Building culture with an operational backbone
LOOP Agencies
Digital Marketing Consultancy | Building In-House Teams & Outsourcing Creative Campaigns
Operations and culture. How can these two things coexist equally?
Work always has to come first, right? Deliver more and more volume. Faster, faster, faster. A quick chat over Friday lunch ticks off the culture bit.
My belief and experience tells me they need to be 50/50. 90/10 serves no one.
Okay, so where do you start?
Both might feel urgent, but first, sort the operations out.
Everything will feel better if it's not organised chaos and firefighting every day. We are thinking about hard metrics here and parking our EQ momentarily.
People equate to resources. Billable hours. We're all resources and commodities, God forbid – we're even 'consumables'. Design the metrics where you can work out how many briefs are possible to be delivered.
This could be hard-nosed. Fill people to the max and still squeeze in some more unplanned work. Or plan with buffers. The best rule of thumb is to allow at least 15% capacity for learning, non-delivery and team connections.
Operationally it might fit now, but is it without friction?
Build the MarTech, which allows real people to do their jobs. The fundamentals all need to be in place. Starting with the method for: brief reception, agency workflow, and interface into client workflow - if in-house.
Then consider how to communicate formally and quickfire as a team, book and change shared resources (e.g., creative, film, and production) through to keeping a strong audit and storing/repurposing finished assets at the end.
I'll always remember a leadership low point when asking a high-calibre performer why they'd resigned after a few months. "It's just the comms," they said, "I can't work like this".
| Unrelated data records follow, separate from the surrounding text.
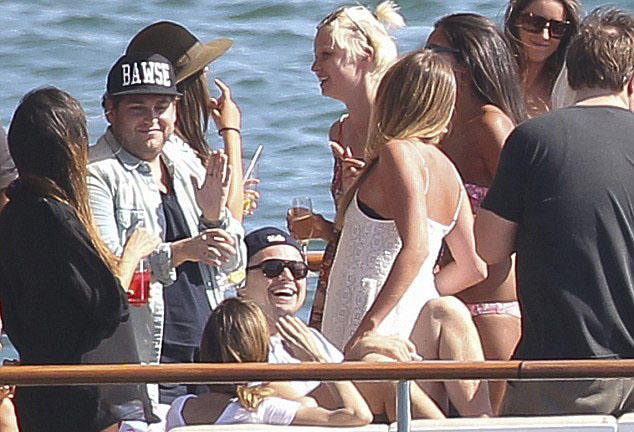 Jonah Hill and Leonardo DiCaprio enjoy the female company on board superyacht
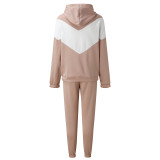 SC Sport Color Block Hooded Sweatshirt 2 Piece Pants Set YMZY-7106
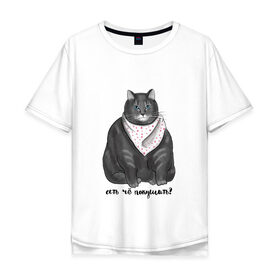 Мужская футболка хлопок Oversize с принтом Есть покушать? в Санкт-Петербурге, 100% хлопок | свободный крой, круглый ворот, “спинка” длиннее передней части | Тематика изображения на принте: еда | кот | кушать | мем | черешня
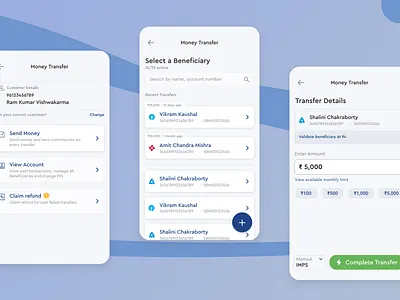Money Transfer Mobile App app design banking design fintech mobile app money transfer product design transfer ui ui design user experience user interface ux design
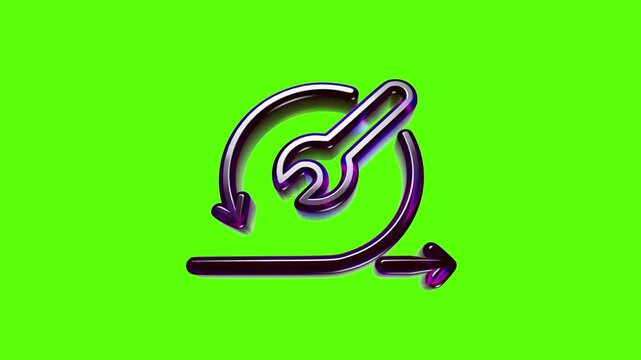 Shiny 3d repair icon with a wrench and circular arrow symbol for maintenance and technical support services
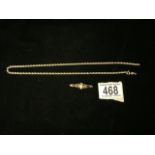 A 9 CARAT GOLD ROPETWIST CHAIN NECKLACE; 4.1 GRAMS AND A 9 CARAT GOLD BAR BROOCH; OPENWORK SCROLLS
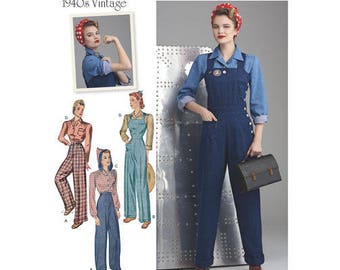 Simplicity Sewing Pattern 8447 Misses&#39; Vintage Pants, Overalls and Blouses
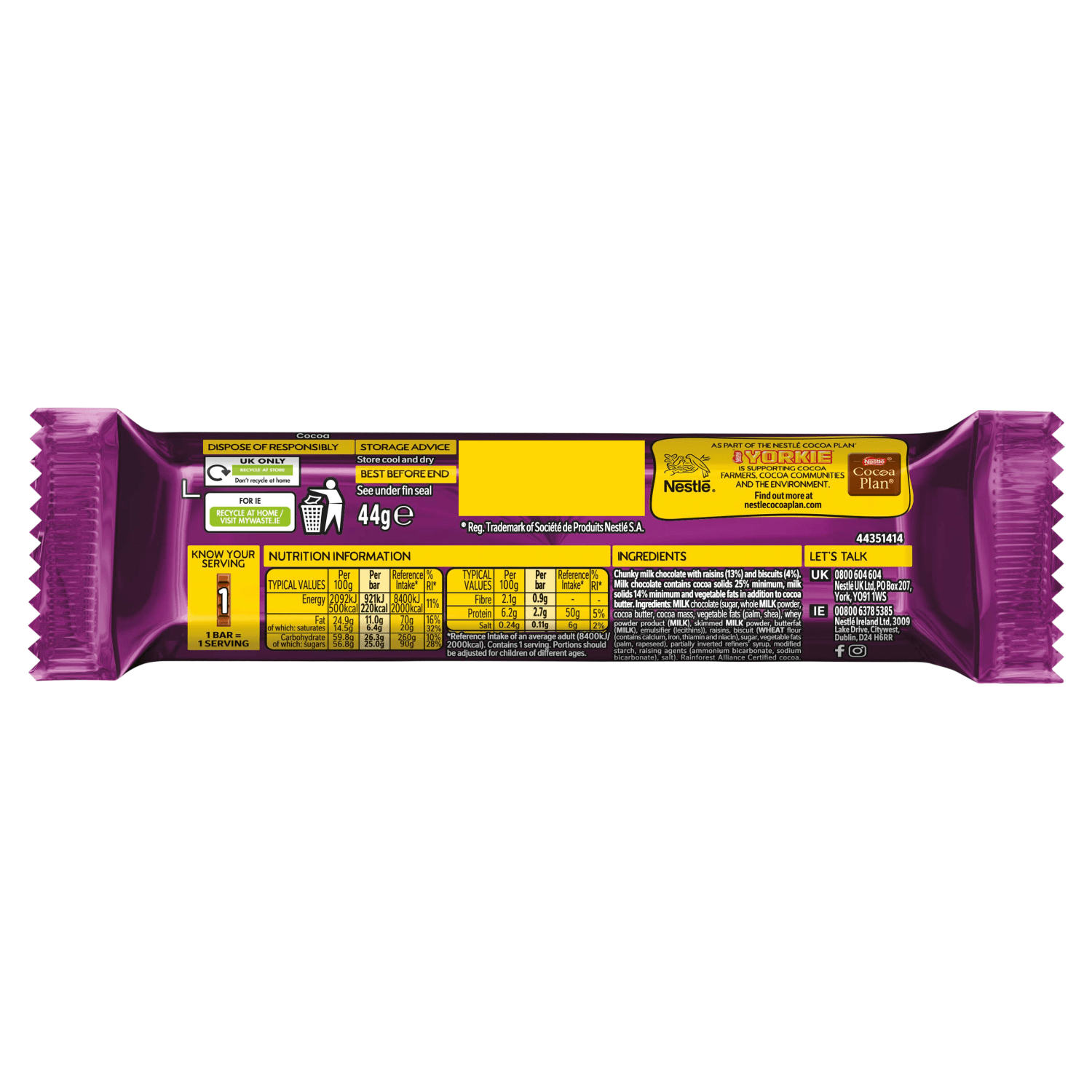 Yorkie Raisin & Biscuit 44g - UK Food & Drink - 8445291265134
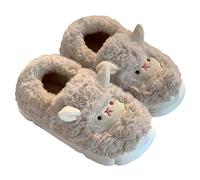 Lindas pantuflas, acogedoras zapatillas de felpa de invierno, antideslizantes, suaves, ligeras zapatillas de algodón para adultos, zapatos de mujer, resistentes al agua, 38, café, 42 EU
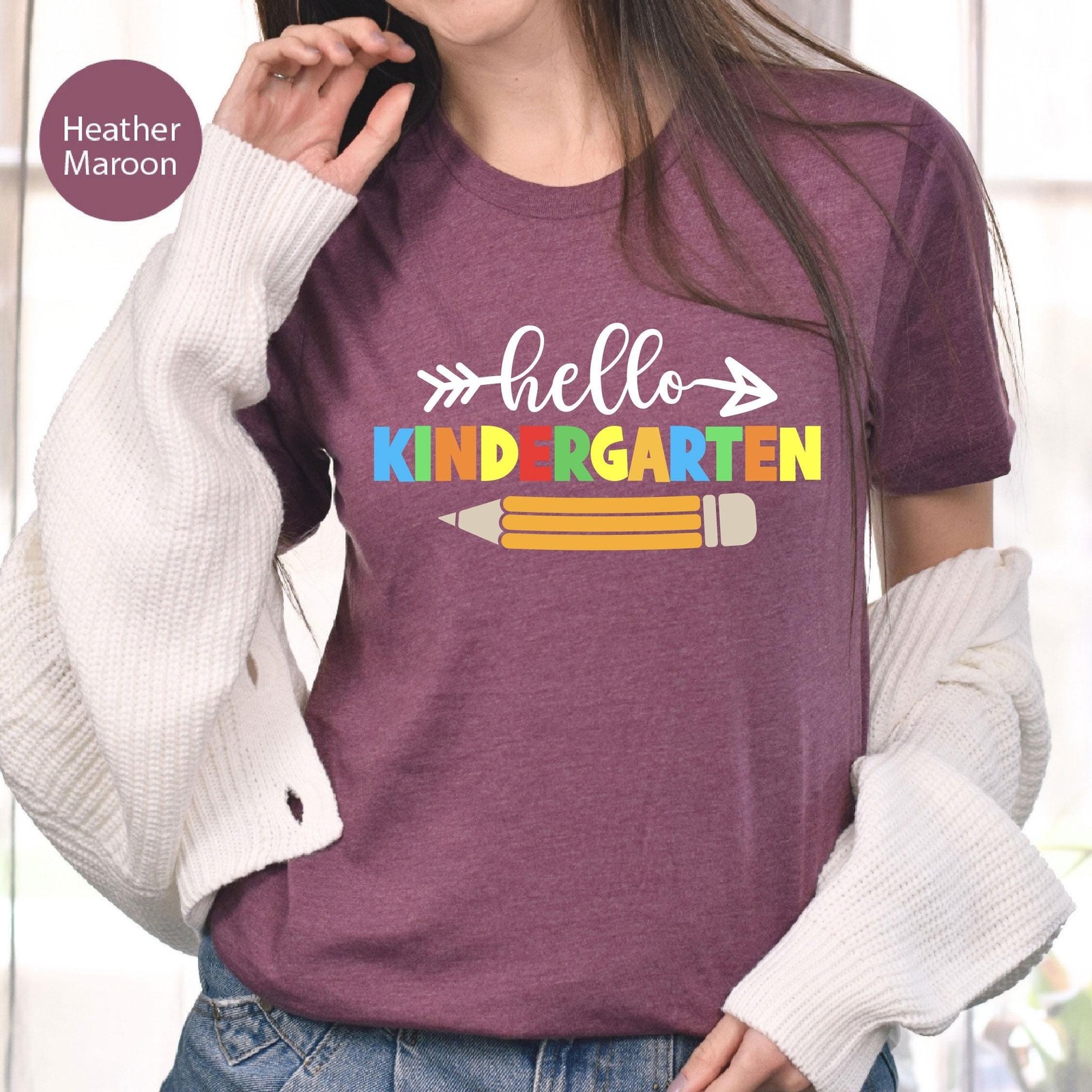 Hello Kindergarten Shirt Arrow Pencil Kindergarten Shirt Hello Kinder Back To Sc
Having become used to operational inefficiency meant I didn't even understand their plea. Thanks to a daily reality of briefing via email, no workflow, no resource booking, multiple client and agency platforms and 15 (yes, 15) different systems just to deploy a single piece of comms. Crazy.
Be realistic about how long it may take to get the work to start flowing through the system. It could take several years if built from scratch.
So you’ll need to look after your people at the same time.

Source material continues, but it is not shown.